As adventure cruises go, Antarctica is surely one of the most unusual – this was brought home to us on day one, when expedition team leader Peter Carey outlined the rules for landing.
Just 100 people are allowed on shore at any one time, and then only for an hour and you have to stay on the path.
We were not allowed to bring souvenir pebbles back to the ship or harass the animals in search of a perfect picture. Oh, and landing would be made by inflatable Zodiac, often into the water, so we should wear the wellies we had been advised to pack.
After just a couple of days in the White Continent, I discovered one other thing that made cruising in Antarctica different from anywhere else – there is no such thing as an itinerary.
True, there had been a day-to-day account of where we would be going in the brochure, but the ship’s course depends on the weather and ice conditions, and both can change in an instant.
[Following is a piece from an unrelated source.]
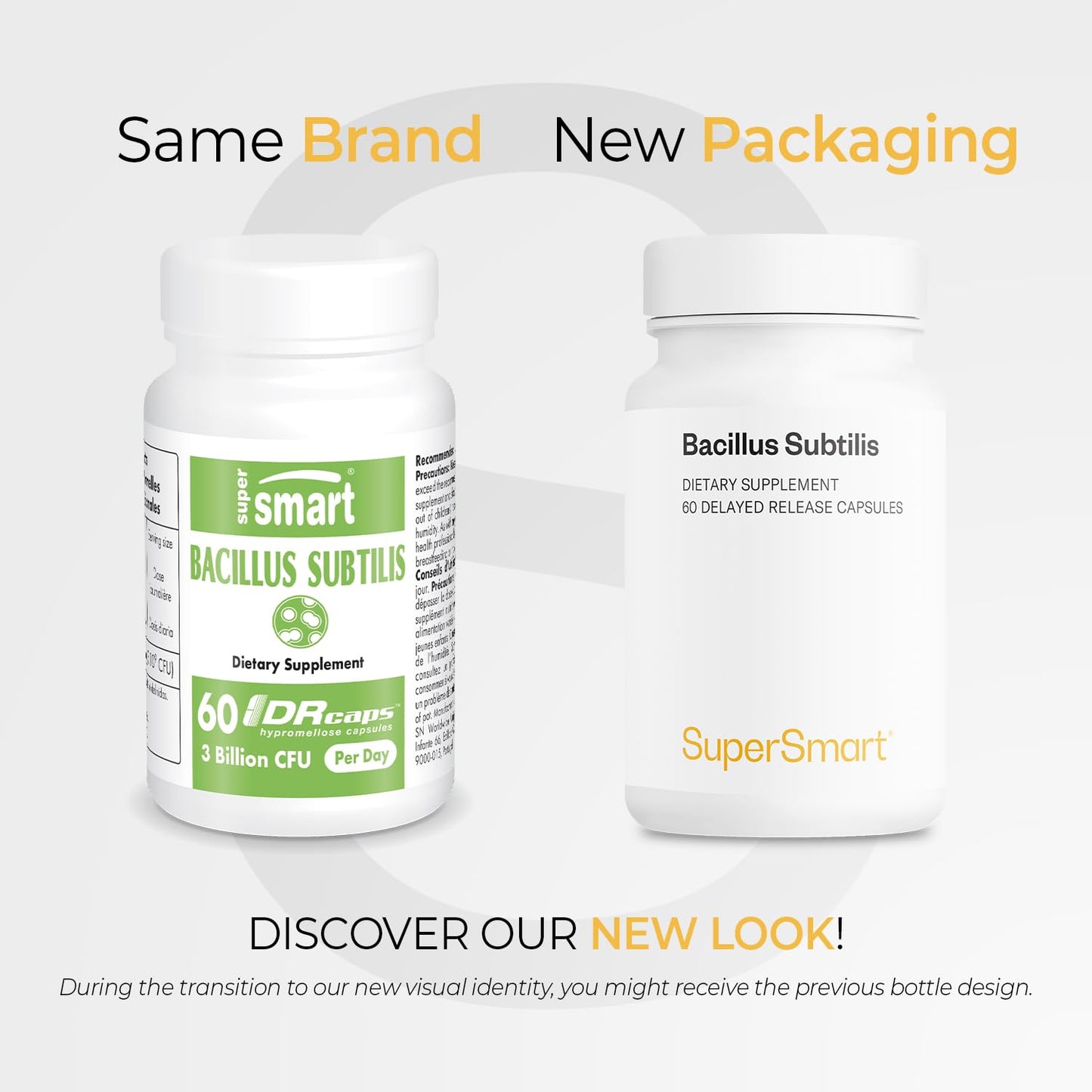 Supersmart Bacillus Subtilis Probiotic 3B CFU/Day – Non-GMO & Gluten Free | 60 Veg Capsules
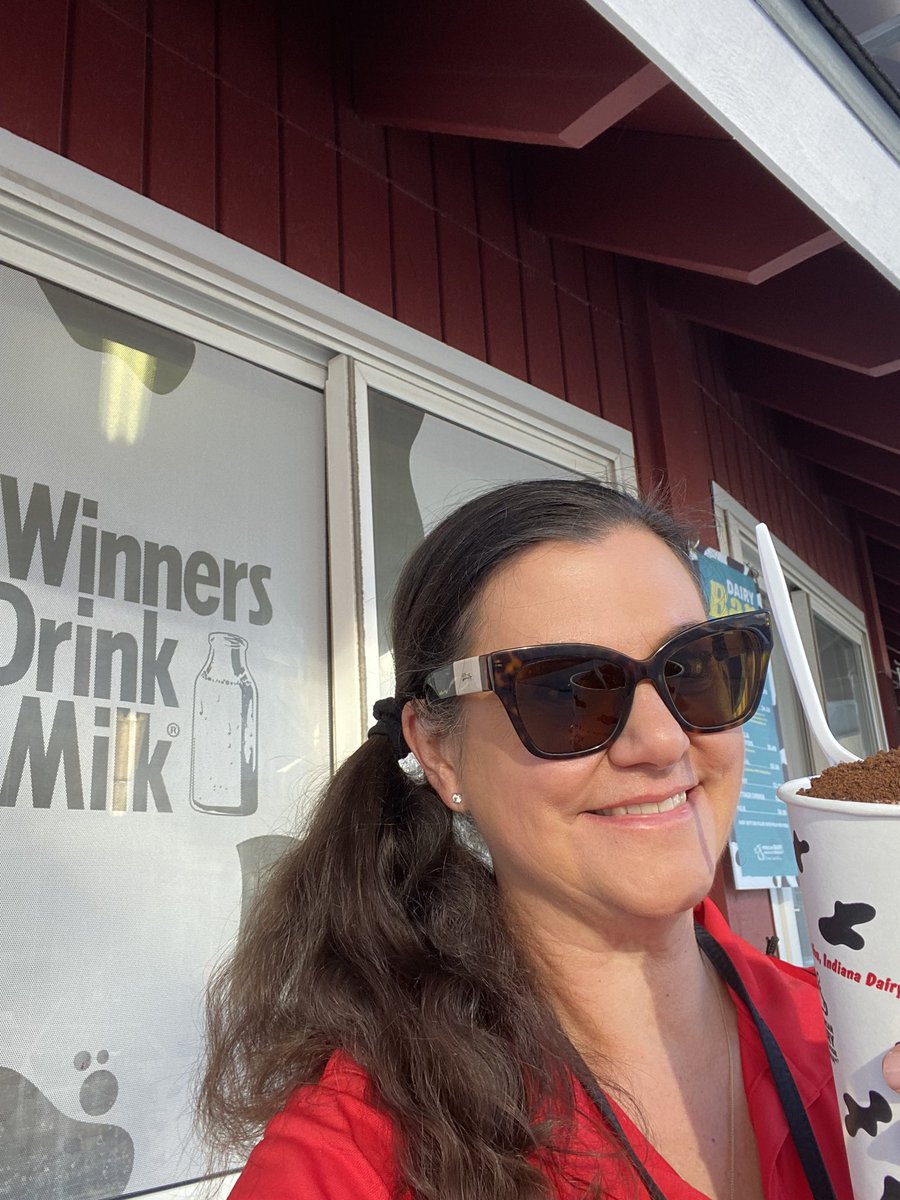 IndyKRF's tweet photo. Surprised #FunFriendFriday is at @IndyStateFair ? Not if you know me! Thanks @INDairy for my Mint milkshake #winnersdrinkmilk https://t.co/6WcQy3lWEb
It takes almost two days to cross Drake Passage, during which time the expedition team gave lectures about what we could expect to see in Antarctica. When not lecturing, they were on the bridge keeping a watchful eye for passing whales, birds or penguins. Seeing everyone run when the cry went up, “whale on the port side”, was better than the evening entertainment.
After two landings we cruised down iceberg alley, so-called because of all the giant bergs lining the route, and through part of the narrow Neumayer Channel. We got close to icebergs on a non-landing Zodiac cruise, and on the way back to Drake Passage followed a pod of about 20 feeding humpback whales.
And then we were in Drake, this time as smooth as a millpond. Which just goes to prove how unpredictable cruising is at the bottom of the earth.